Gano: I started just playing some simple chords
on guitar -- which is not much different from what I do now -- maybe in
the 6th grade, and in the 7th grade I started writing my own songs and
just kept going since then.
Victor
DeLorenzo: What was
that song?
Gano: I'm not gonna tell ya.
DeLorenzo: Wasn't it "The Oatmeal Song"?
Gano: No, no, that's not it.
Ritchie: He wrote a song about oatmeal when he was a
little kid. His sister told us about it.
Gano: That's not it. It was "Oats."
Ritchie: I'm sure you worked oatmeal into it.
Gano:
Maybe -- you know, a
little avant-garde twist...
Ritchie: I'll sing it for you -- his sister taught
it to me -- "I love oats, I love oats..."
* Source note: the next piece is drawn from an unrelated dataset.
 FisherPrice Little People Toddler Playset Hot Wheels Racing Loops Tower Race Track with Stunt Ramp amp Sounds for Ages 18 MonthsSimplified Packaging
Gano: I consider this an insult. He is completely
perverting the original "Oats" song.
Then you'd better set the record straight.
Gano: All right. This is a prestigious paper,
right? I should give you the scoop? All right ... it's more of a chant.
It was like, "Oats, oats/Cows like oats/Horses like oats/People like
oats....," and you could go on for a long time.
Ritchie: Now, if this comes out as a bootleg, we'll
know... The Gordon Gano fans are desperate.
Gano: And I was of course at that time heavily
influenced by Jonathan Richman to play those kinds of children's songs.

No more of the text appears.